In fact, this student called so much that the Admissions receptionist knew her voice.
That student may or may not have been me.
When I took a job for Admissions, writing to students with questions about the school, it was as if I were talking to myself. Students asked all of these questions, and more. I guess we all struggle a bit with ambiguity.
The truth is, I'm never going to know what is going to happen, not in the next ten years, ten months or ten minutes. I might think that I have a good idea, I can plan and architect my life, but I really don't know. Ever.
I love how when something is a real struggle in your life you say things like: "God is really teaching me about [insert struggle] or "I'm learning about [struggle] lately." It makes it nice and boxy, and it may be true, but I just don't think it's that simple. Right now, as always, I'm struggling with ambiguity. At work, in my personal life, even in regards to what I'm packing for lunch tomorrow. I don't know, and while that is hard for me, me with my color-coded agenda (just kidding) and my ical synced to my ipod (not kidding), I know that sometimes life is better when it's a surprise. I might be a good life architect, but God is far more creative than I.

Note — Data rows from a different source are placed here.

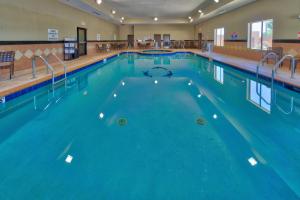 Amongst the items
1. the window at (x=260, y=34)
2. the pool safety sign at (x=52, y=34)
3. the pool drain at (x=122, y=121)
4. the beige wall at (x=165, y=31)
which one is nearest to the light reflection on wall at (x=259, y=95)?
the pool drain at (x=122, y=121)

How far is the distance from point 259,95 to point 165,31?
60.4 feet

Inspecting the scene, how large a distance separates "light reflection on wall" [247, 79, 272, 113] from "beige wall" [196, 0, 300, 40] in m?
2.41

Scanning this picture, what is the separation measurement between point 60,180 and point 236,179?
4.40 ft

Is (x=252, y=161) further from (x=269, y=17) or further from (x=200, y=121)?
(x=269, y=17)

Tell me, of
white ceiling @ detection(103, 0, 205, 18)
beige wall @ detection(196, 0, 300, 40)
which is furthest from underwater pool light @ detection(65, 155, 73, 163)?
white ceiling @ detection(103, 0, 205, 18)

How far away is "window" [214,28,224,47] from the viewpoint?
1492 centimetres

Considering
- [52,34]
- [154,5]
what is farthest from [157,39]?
[52,34]

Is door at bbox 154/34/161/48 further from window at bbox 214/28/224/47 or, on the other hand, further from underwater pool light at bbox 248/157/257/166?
underwater pool light at bbox 248/157/257/166

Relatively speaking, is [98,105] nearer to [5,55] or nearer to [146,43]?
[5,55]

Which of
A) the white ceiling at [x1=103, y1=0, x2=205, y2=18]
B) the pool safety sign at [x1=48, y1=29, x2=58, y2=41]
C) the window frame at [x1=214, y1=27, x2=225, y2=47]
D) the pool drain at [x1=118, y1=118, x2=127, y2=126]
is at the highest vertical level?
the white ceiling at [x1=103, y1=0, x2=205, y2=18]

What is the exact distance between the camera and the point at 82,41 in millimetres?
13070

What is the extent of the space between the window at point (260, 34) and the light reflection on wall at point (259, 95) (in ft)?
11.6

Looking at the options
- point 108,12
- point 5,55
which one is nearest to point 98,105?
point 5,55

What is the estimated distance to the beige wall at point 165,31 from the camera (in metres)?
22.6
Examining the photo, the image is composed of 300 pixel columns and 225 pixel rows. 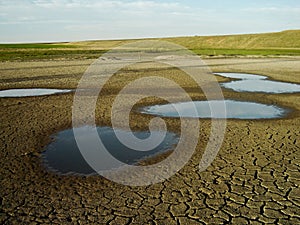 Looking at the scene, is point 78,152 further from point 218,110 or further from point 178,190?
point 218,110

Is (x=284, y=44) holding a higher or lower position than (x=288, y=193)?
higher

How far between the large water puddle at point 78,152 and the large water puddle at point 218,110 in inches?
101

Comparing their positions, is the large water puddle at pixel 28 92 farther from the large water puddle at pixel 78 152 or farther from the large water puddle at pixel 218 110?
the large water puddle at pixel 78 152

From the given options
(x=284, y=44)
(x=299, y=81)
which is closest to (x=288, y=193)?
(x=299, y=81)

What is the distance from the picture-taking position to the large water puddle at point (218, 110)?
36.0ft

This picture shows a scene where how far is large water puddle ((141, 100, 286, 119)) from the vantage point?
11.0 m

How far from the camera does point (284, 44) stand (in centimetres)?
7406

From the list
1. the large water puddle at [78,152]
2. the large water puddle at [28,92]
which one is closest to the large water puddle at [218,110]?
the large water puddle at [78,152]

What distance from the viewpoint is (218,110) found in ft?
38.8

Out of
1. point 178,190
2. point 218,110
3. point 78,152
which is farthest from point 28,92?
point 178,190

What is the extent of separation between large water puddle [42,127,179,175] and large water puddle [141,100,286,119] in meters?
2.57

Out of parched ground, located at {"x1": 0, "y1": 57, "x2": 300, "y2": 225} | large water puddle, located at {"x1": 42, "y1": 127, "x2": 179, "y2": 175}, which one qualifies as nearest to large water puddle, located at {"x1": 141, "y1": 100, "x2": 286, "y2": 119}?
parched ground, located at {"x1": 0, "y1": 57, "x2": 300, "y2": 225}

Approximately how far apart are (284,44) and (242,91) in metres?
65.2

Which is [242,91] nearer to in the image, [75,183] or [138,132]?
[138,132] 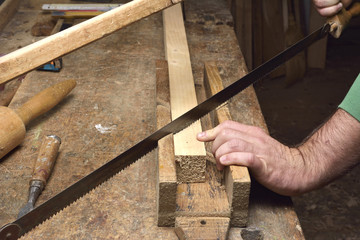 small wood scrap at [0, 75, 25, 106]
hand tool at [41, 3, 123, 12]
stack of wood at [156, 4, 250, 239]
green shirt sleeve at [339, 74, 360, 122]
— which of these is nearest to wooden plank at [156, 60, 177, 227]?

There are very few things that I remember about my Interpersonal Communication class freshman year at EWU. One thing I do remember: we talked about androgyny, and about how the human brain wants to put people into gender categories very much. However, a really sophisticated person can simply tell his or her brain that this distinction doesn't matter.
There are times when being okay with ambiguity can be good. I was thinking about a new wine that I got to try this week at work. It's an '09 vintage and won't be bottled for a good while. I can taste bits of perfection among the heavy oak chips, and heavy sourness. I can feel the sublime in the aftertaste.
I had a ballet teacher, my favorite, who used to say that to me all the time. I'd be thinking of 14 things at once: the invisible string coming out of the top of my head like a puppet, my smile, pointed toes, turned out feet, pulled up knees, abdominals sucking in, being light on my feet and feeling the music, but using all of it...you get the picture. She would come over and observe my movements. When she was watching like that, I would give everything I had. "It's coming," she would say, and it always broke my heart.
That's the thing about life. It's coming. Whether it's an amazing vintage, a gorgeous arabesque, or the rest of your life...even death. It's coming.
There is nothing ambiguous about that. It's the getting there, or having it come to you, that keeps you in the dark.
I'm walking forward without seeing much, prepared to stumble and trip over my pride. Maybe that's part of the point of ambiguity. If I give in to not knowing, I am choosing the opposite of The Fall. I know that I can't be like God, knowing good and evil. But He is, and does. I know that He has me on a need to know basis. Some things: I just don't need to know.